Hace menos de dos años aparecía una nueva fuerza política, el Frente Renovador, impulsado por el entonces intendente de Tigre, y ex jefe de gabinete de Cristina Kirchner, Sergio Massa. Al calor de su ascenso logró el apoyo de un importante número de intendentes bonaerenses. Algunos de ellos resultaban entonces emblemáticos y hoy son paradigmáticos de la política acomodaticia. Massa se rodeó de al menos cinco "futuros goberacomódate en el 2013: Posse, De Narvaez, Giutozzi, Solá y Cariglino y de otros representantes de distritos populosos como Katopodis en San Martín.

Sin embargo, Felipe Solá será el próximo domingo el candidato menos pensado hace dos años. Era el que menos "medía", y no tenía gestión ejecutiva a cargo (algo valorado a la hora de los potenciales votos). Uno a uno, sus otros socios ("los amigos del campeón", como los bautizó el propio Massa al sufrir el éxodo 2015) se fueron reacomodando a medida que crecía la figura como candidato primero, y único candidato luego, del actual gobernador Daniel Scioli. Y alguno, como Posse, hasta se tentó con ir por el PRO como si diera más o menos lo mismo una propuesta que la otra.
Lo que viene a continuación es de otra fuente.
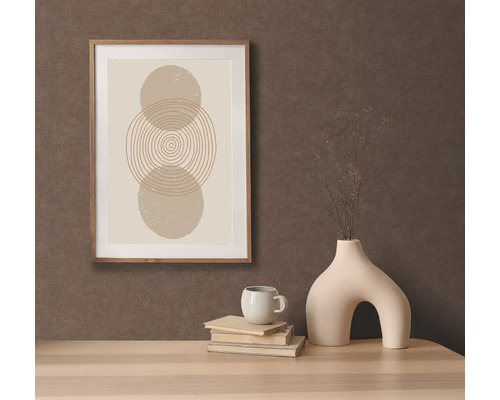 Dekoratives Bild mit Rahmen, Vase, Tasse und Büchern auf einem Tisch.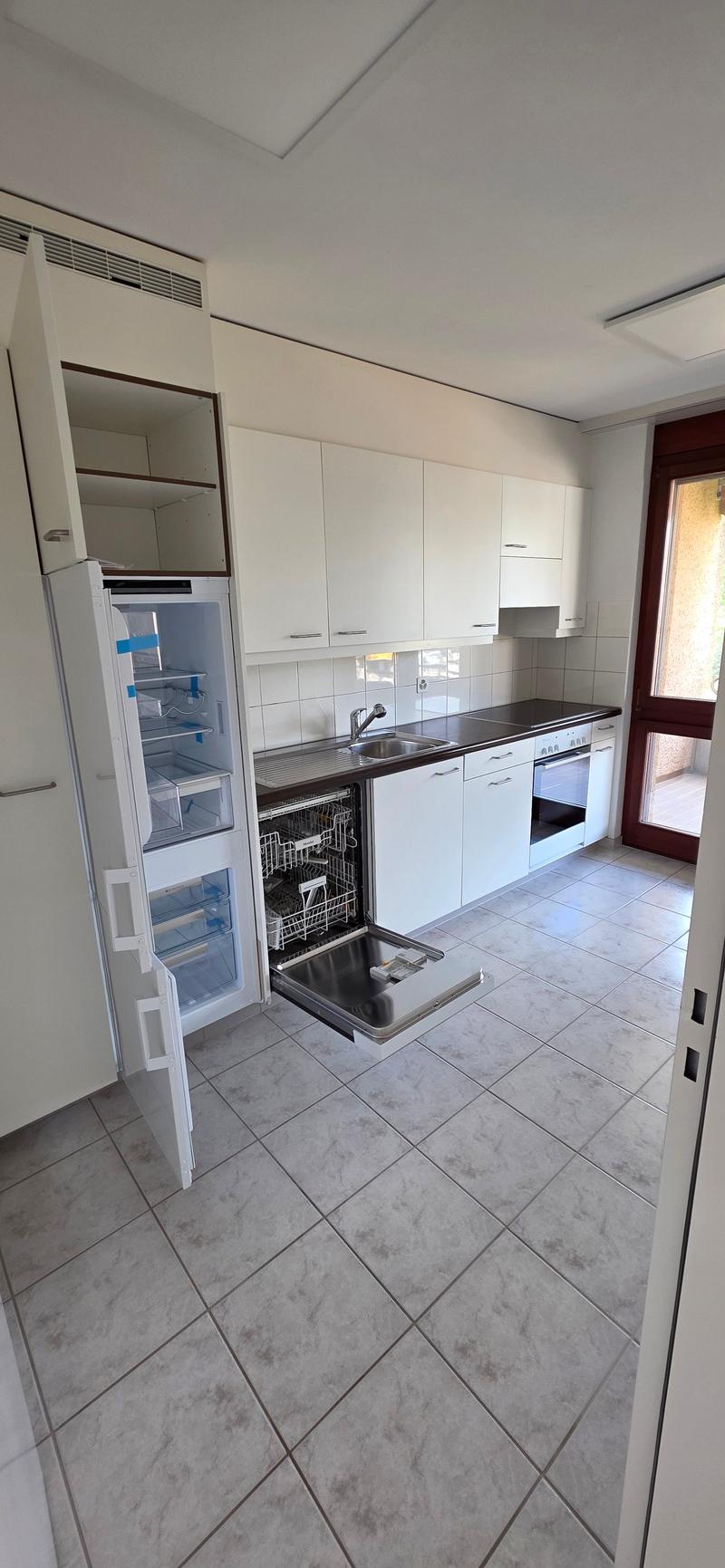 helle, sonnige, ruhige 3.5-Zimmer Wohnung mit Balkon (6)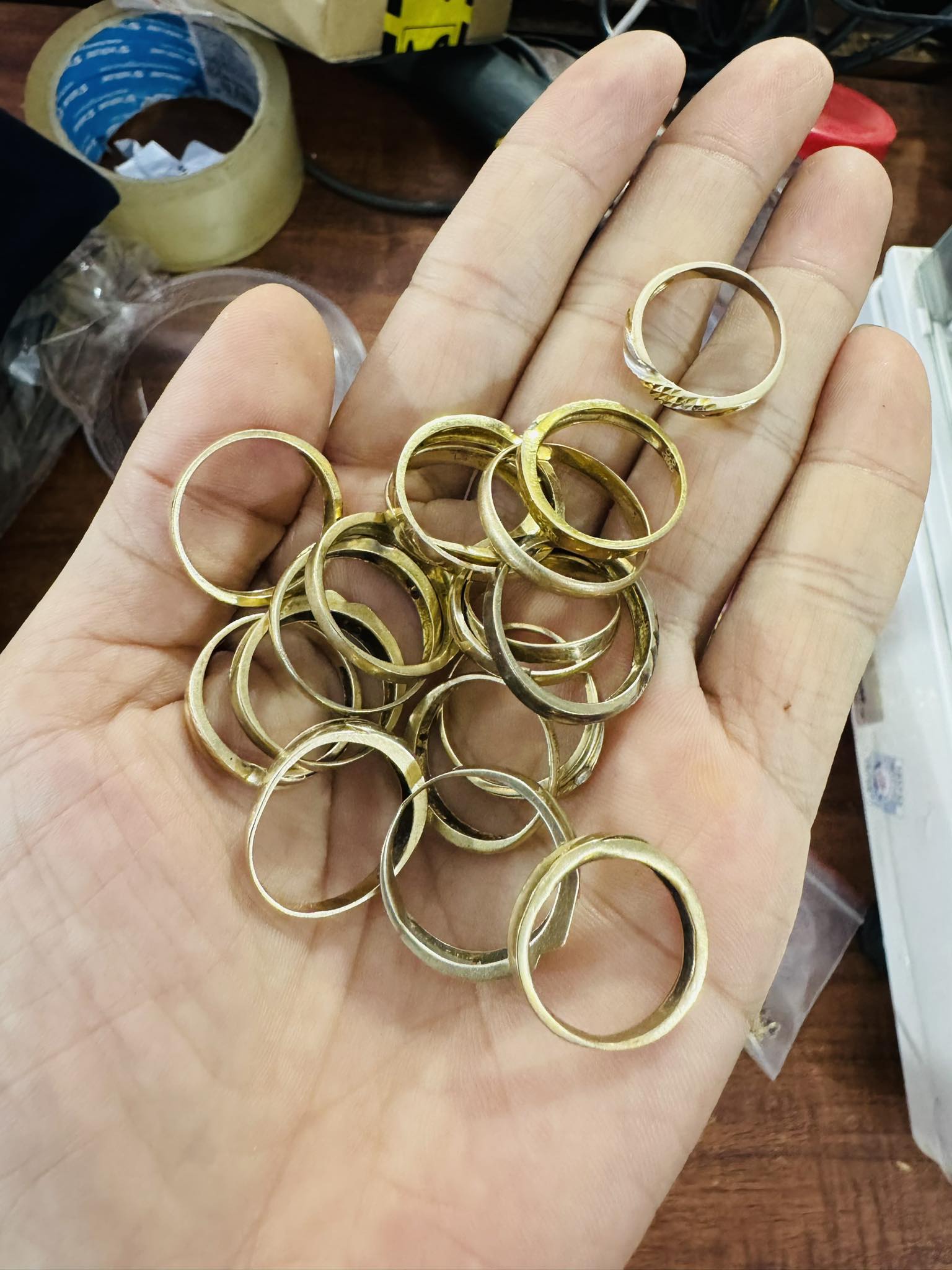 Nhiều người mang nhẫn cưới đi bán khi giá vàng tăng (ảnh Facebook Mai Linh Mai Linh)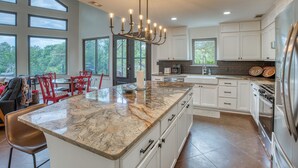 Coffee/tea maker, fridge, microwave, oven - Family-Friendly 4BR on 5 Acres • Pool, Big Porch (Burnet)
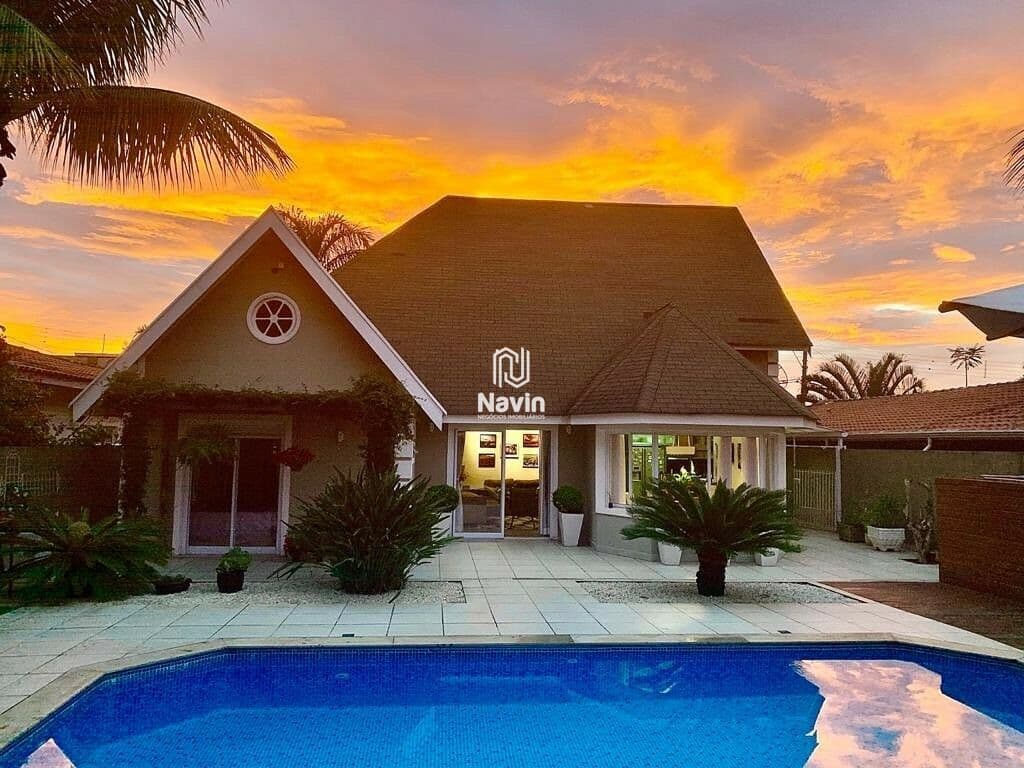 Casa Alto Padrão a venda com 4 suítes e piscina no Jardim Morumbi em Atibaia SP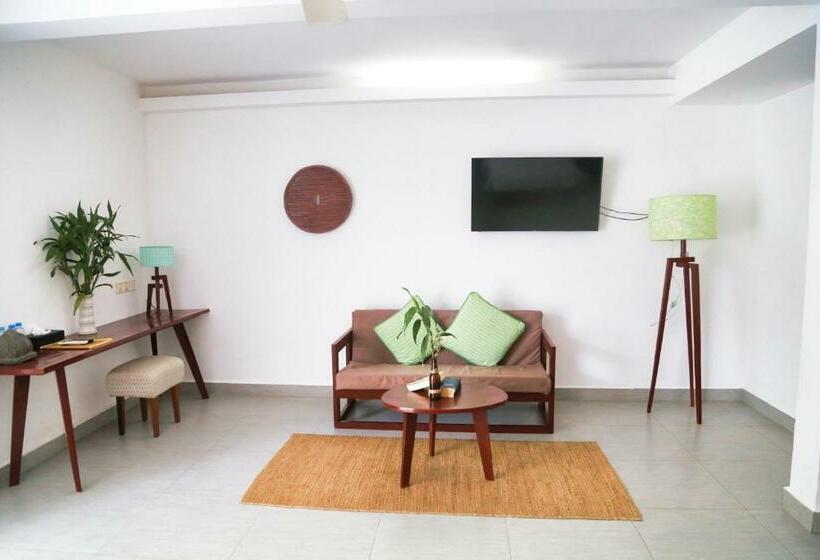 سوییت خانوادگی, Naiya Sea Resort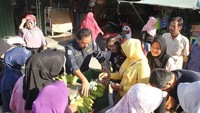 Begini gaya Nurdin saat mengunjungi sebuah pasar di Natuna. Ia menjelaskan agendanya mendengar keluhan masyarakat, berdialog, sekaligus mengecek harga kebutuhan pokok. Bonusnya, Nurdin bisa lihat-lihat pisang. Foto: Instagram nurdin757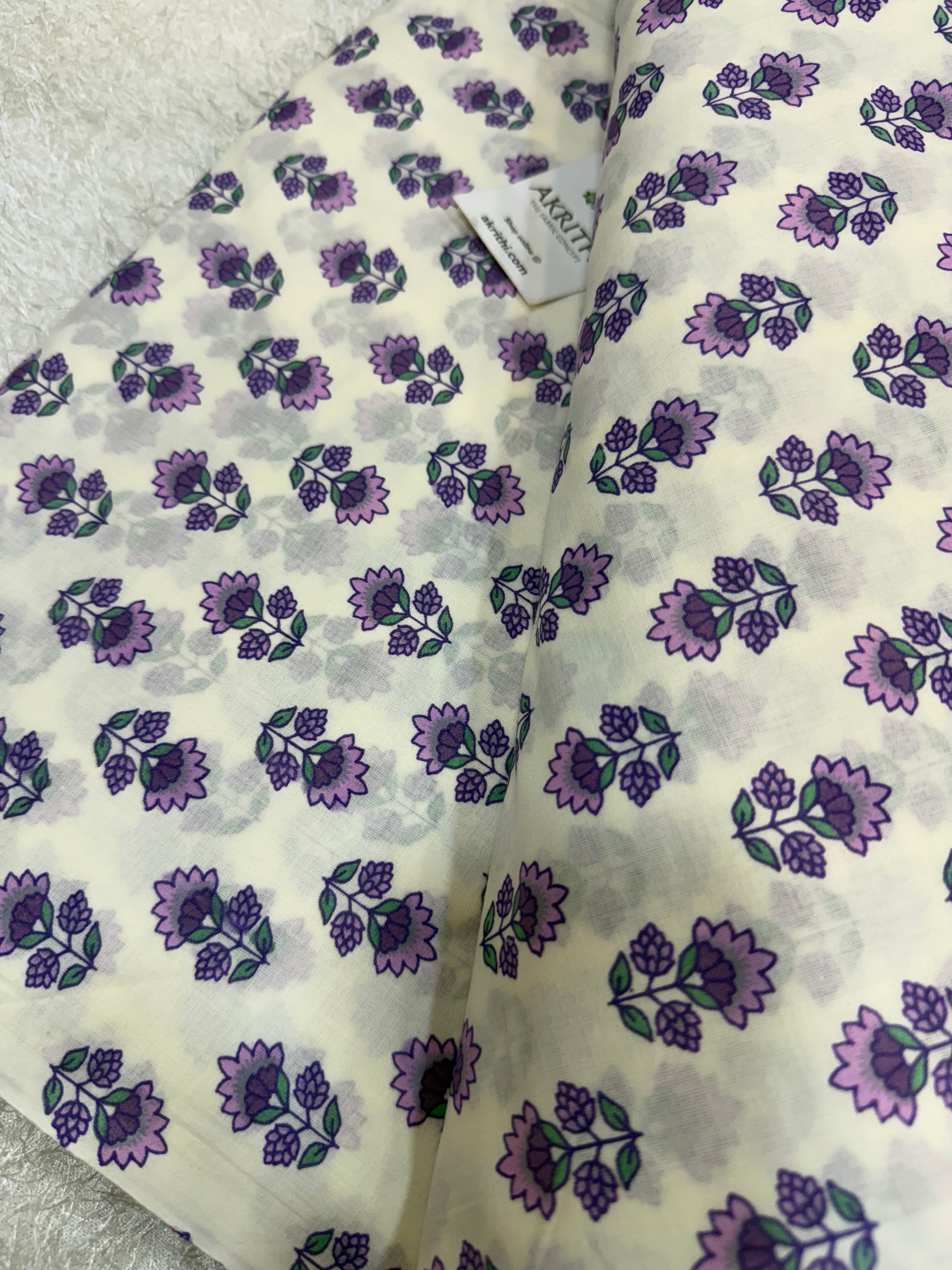 Printed pure cotton fabric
La actualidad es más conocida por reciente, aunque también cueste explicarla. Pocos recordarán el fin de semana próximo que el candidato oficialista Daniel Scioli fue duramente cuestionado por sectores del kirchnerismo duro. También pocos entenderán el lugar donde se pare Mauricio Macri, con todos sus devaneos y contradicciones en temas que son muy caros al sentir de los ciudadanos, que hoy lo miran confundidos: ¿es el cambio que anuncian los afiches y carteles o la continuidad de las principales políticas kirchneritas que declaran apoyar?

A nivel local, en Esteban Echeverría, la historia no fue muy distinta. El otrora flamante bloque de concejales del Frente Renovador (diciembre de 2013) fue desgranándose a medida que se acercaba 2015. Hubo quienes migraron al PRO como el ex vecinalista y groppista Pablo Losada y otros que compiten en las Paso por un mismo lugar (la candidatura a intendente) como Pulichino, Devoto o Souza. Todos massistas de un pasado bien dispar. En este sentido es de destacar la "coherencia" del intendente Fernando Gray y del ex concejal del PRO Evert Van Toren. Son los únicos que "resisten al archivo". Gray va por su tercer mandato apoyado en una batería de obras públicas que no registran antecedentes en los más de cien años del distrito. Van Tooren quiere volver al ruedo político a dos años de dejar su banca como concejal.

 

En tanto en San Vicente bloque de concejales del Frente Renovador que asumió en diciembre de 2013 tras haber logrado conformar una lista de unidad fue desgranándose a medida que se acercaba 2015, al punto de llegar a las primarias de agosto con tres listas diferentes. Por un lado, el vecinalista Julio Goya, por otro, el arcurismo, impulsando la precandidatura de Marcelo Padró, y, finalmente Roberto Vázquez, un funcionario de Darío Giustozzi en Almirante Brown que irrumpió sorpresivamente en la escena local. Por su parte, el radicalismo expresa en su versión local la incoherencia con su propia historia que eligieron sus dirigentes nacionales. La bolete radical pegada a la de Mauricio Macri pondría rojo de vergüenza a hasta al mismísimo Alem. Por el contrario, los candidatos del Frente para la Victoria nunca dudaron de su lugar: el intendente Daniel Di Sabatino, que va por su tercer mandato, y su rival, Diego Barralle, de La Cámpora.

Me pregunto si los vecinos se detienen en estos barquinazos de especulación política, o solo les importa lo que suceda en la puerta de su casa. Me pregunto si, a esta altura, la coherencia sigue siendo un valor. Me pregunto finalmente si a la hora de votar, como ciudadanos, nos hacemos la preguntas que nos permitan elegir bien.

Si repaso la historia reciente me voy a encontrar con muchos más como los que describía Groucho Marx y con menos de los que elegiría para conducir el futuro del país donde crecen mis hijos.